* **TASK**:
Without any pictures, print the lines below from the one that has "2018 Porsche Panamera Panamera" through the one that has "Exterior details and", exactly and nothing else.

* **DATA SUPPLIED**:

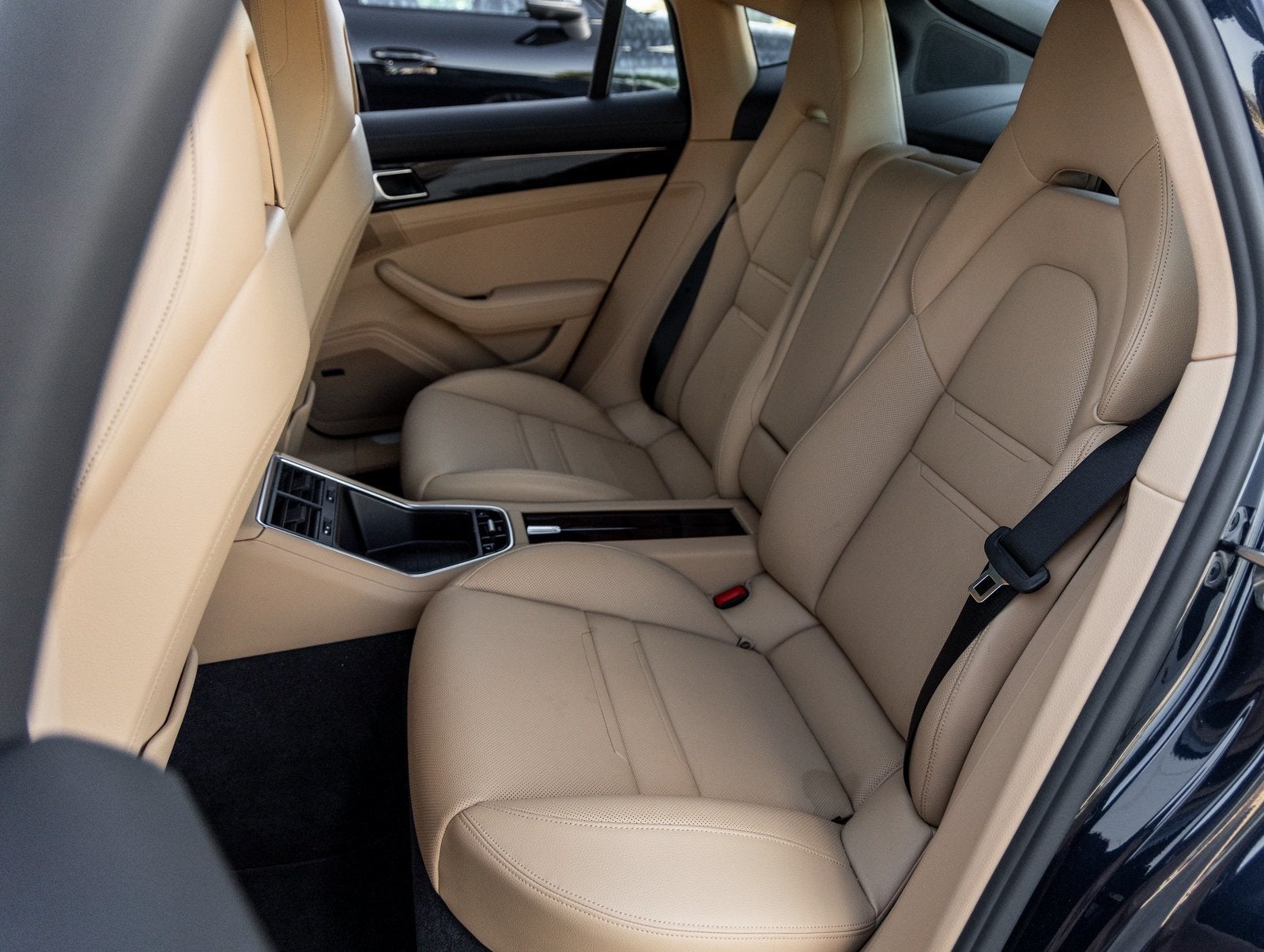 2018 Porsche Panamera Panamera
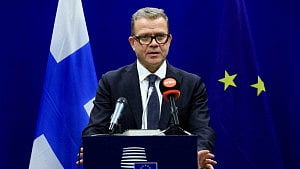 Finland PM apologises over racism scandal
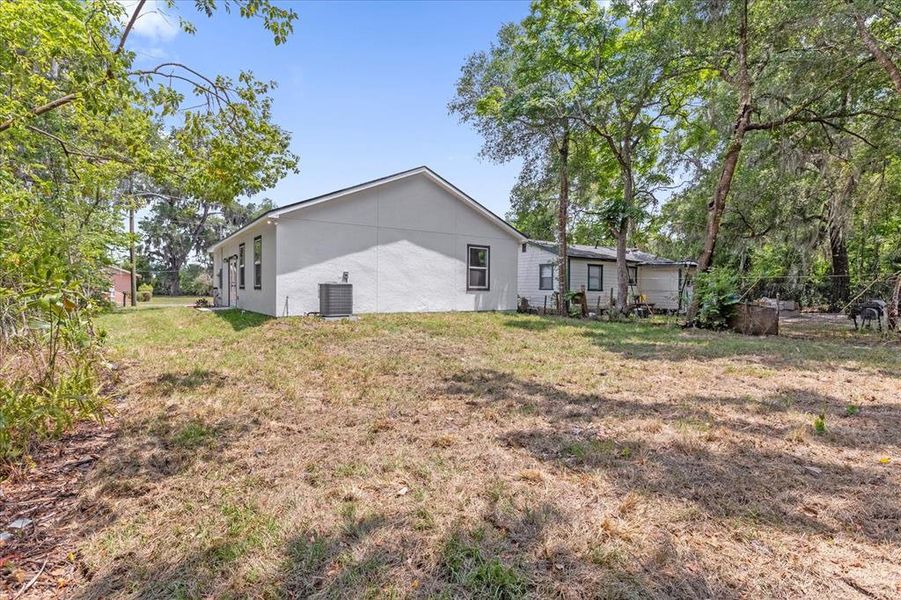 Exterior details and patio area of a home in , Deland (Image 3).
...
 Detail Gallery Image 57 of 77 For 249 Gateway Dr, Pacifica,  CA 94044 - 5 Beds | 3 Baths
* * *
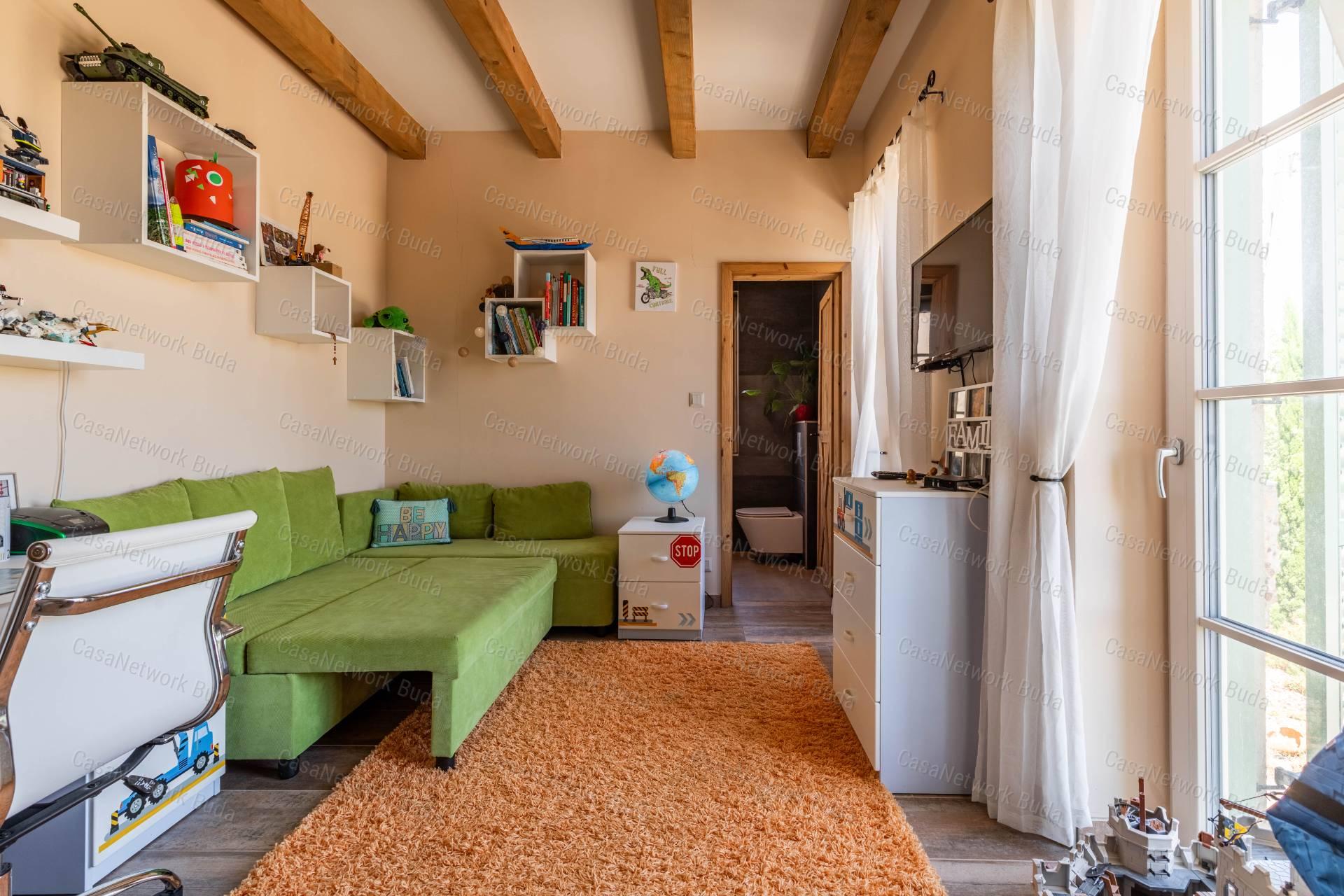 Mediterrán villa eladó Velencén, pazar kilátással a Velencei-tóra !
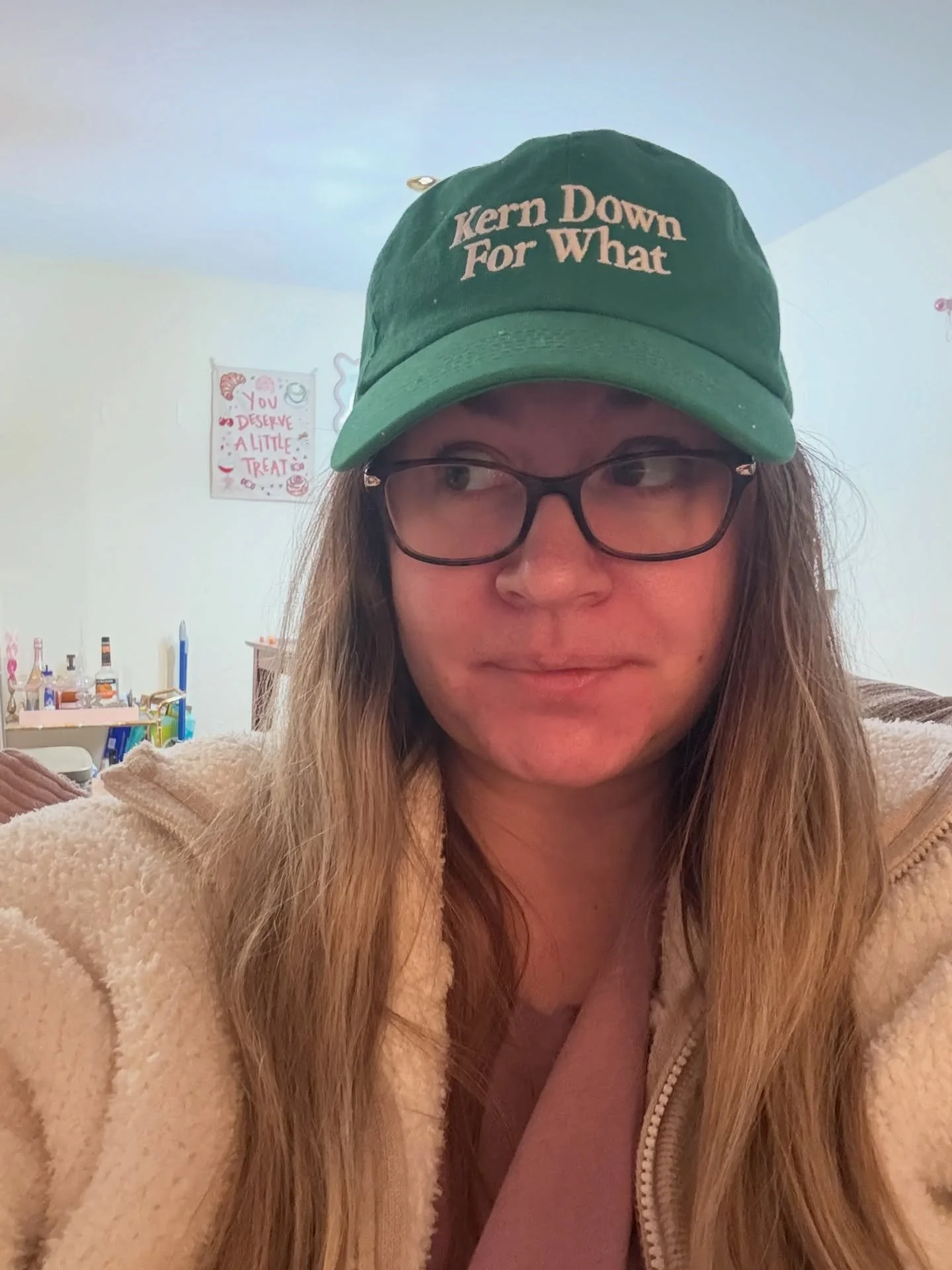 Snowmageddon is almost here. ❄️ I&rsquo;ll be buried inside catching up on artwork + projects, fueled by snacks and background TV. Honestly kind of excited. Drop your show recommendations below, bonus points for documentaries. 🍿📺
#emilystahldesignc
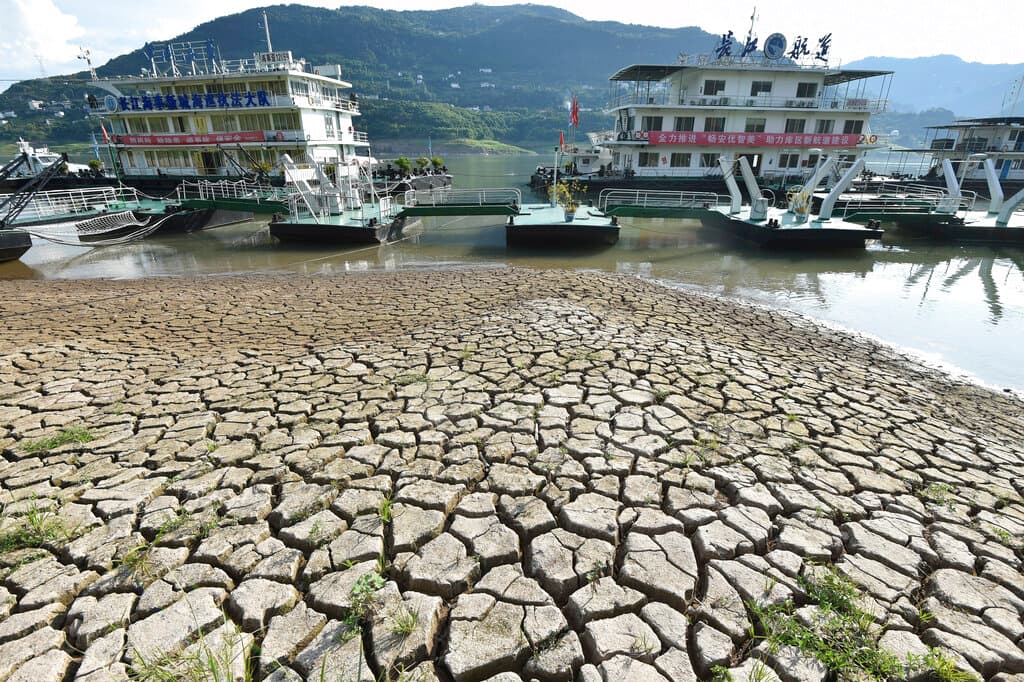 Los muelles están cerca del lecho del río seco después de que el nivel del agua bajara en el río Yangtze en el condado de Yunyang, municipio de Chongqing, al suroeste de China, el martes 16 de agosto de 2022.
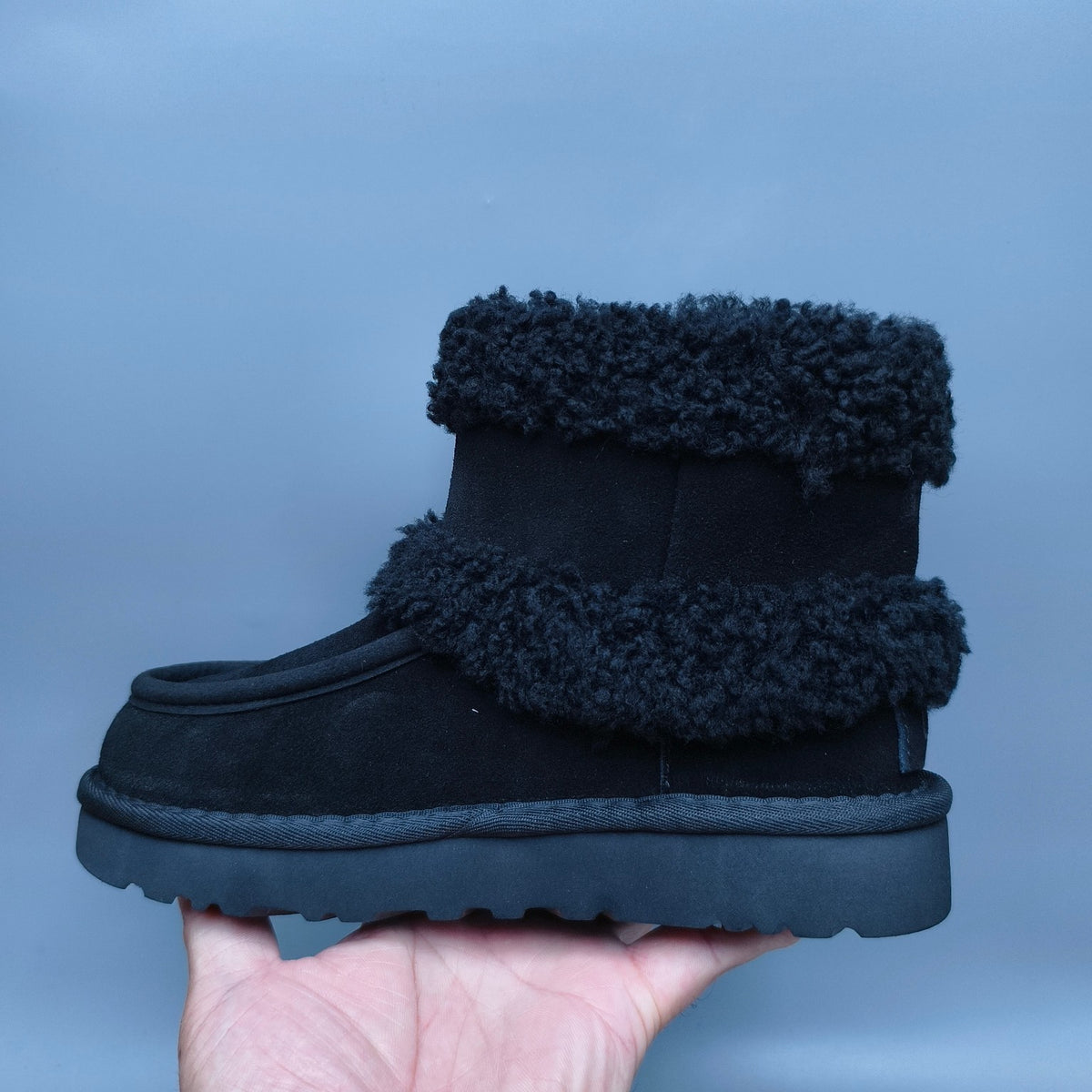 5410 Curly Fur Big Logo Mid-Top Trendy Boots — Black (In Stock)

* **RESULT OF THE TASK**:
 2018 Porsche Panamera Panamera
 Finland PM apologises over racism scandal
 Exterior details and patio area of a home in , Deland (Image 3).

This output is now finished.